The Ghost Taskforces.
Four hundred AI ghost taskforces, close to eighty thousand ships. Secretly built, scattered across the outer edges of Imperial space. Warships crewed not by humans, but by advanced, tireless AI systems. Ships that could operate for years without resupply. Ships that could strike without warning, without mercy, without hesitation. Years of hidden work. Vast resources. Forbidden technology, kept secret even from the Dark Sisters and the Admiralty.
One day, he vowed silently, the commitment absolute. One day, I will activate them. And they will burn the so-called prophet and his Angelic Republic to dust. One day, the Empire itself will remember who ruled them.
But not yet. Not while the Northern and Southern wounds were still open. For now, he needed to rally his fractured Empire. He needed to reassert his authority through the ancient, binding power of the law and the throne.
The Emperor activated his personal holo-emitters, embedded in the Magesteel Throne itself.
The holographic display of the chaotic galactic map shifted, zooming in on the Sol System. On Terra. On Earth. His throne world. The blue-green jewel hanging in the void—the final anchor.
He had ruled for two hundred fifty years. He had built this Empire of five hundred star systems. And now, a single child from a frontier world threatened to tear it all down.

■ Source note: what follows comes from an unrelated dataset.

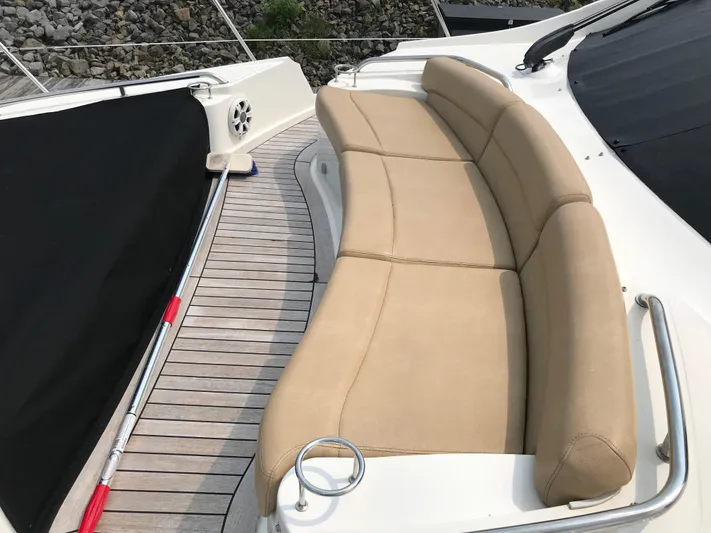 Forevermore Yacht Photos Pics Luxurious seating on 2016 Sea Ray L590 Fly yacht deck.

The Emperor’s hand trembled slightly with the weight of his resolve. He steadied himself.
He turned to the Butler, who stood motionless, his expression one of perfect, serene loyalty.
"Prepare the orders," the Emperor said quietly, his voice a low, commanding rasp, referring to the confirmed dispatch of the expedition. "Taskforce 13 and Taskforce 6. They are to depart for Argonauts immediately."
The Butler inclined his head. "As you command, my lord."
The Butler began to turn to leave, but the Emperor raised a hand.
"Wait."
The Butler paused, his movements economical and flawless, turning back to face the throne.
The Emperor stared down at the Senate floor, at the arguing senators, the demanding Dukes, the frightened admirals. He felt the raw, panicked energy of the Empire coalescing below him. He would not allow it to fragment further.
Then, he spoke, his voice rising, resonating with a cold, terrifying authority that carried across the vast, Magesteel-clad hall.
"I will address them."
The Butler's expression did not change, but a shadow of something—an echo of the original brother’s ancient sorrow—flickered briefly in his eyes. "Are you certain, my lord?"
The Emperor nodded slowly. "Yes. I will remind them what fear is."
The Emperor rose from his Magesteel Throne.
The entire hall fell silent. The air crackled with anticipation. The moment of imperial reckoning had arrived.